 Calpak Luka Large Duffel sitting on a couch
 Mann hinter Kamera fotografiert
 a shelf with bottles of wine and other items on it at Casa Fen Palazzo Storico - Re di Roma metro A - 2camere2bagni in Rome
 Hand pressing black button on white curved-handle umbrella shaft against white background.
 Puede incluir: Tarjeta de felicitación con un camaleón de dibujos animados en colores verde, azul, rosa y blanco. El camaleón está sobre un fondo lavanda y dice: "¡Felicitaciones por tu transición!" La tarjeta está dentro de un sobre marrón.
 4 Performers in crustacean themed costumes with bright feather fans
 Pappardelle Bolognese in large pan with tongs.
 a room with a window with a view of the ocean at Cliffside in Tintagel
^^^^^^^^^^^^^^^^
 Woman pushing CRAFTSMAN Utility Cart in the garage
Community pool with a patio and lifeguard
^^^^^^^^^^^^^^^^
- **PROBLEM DETAILS**:
Could you return exactly the stretch of the data above that starts at the line with "a shelf with" and ends at the line with "a room with", both lines included?

- **ANSWER SECTION**:
 a shelf with bottles of wine and other items on it at Casa Fen Palazzo Storico - Re di Roma metro A - 2camere2bagni in Rome
 Hand pressing black button on white curved-handle umbrella shaft against white background.
 Puede incluir: Tarjeta de felicitación con un camaleón de dibujos animados en colores verde, azul, rosa y blanco. El camaleón está sobre un fondo lavanda y dice: "¡Felicitaciones por tu transición!" La tarjeta está dentro de un sobre marrón.
 4 Performers in crustacean themed costumes with bright feather fans
 Pappardelle Bolognese in large pan with tongs.
 a room with a window with a view of the ocean at Cliffside in Tintagel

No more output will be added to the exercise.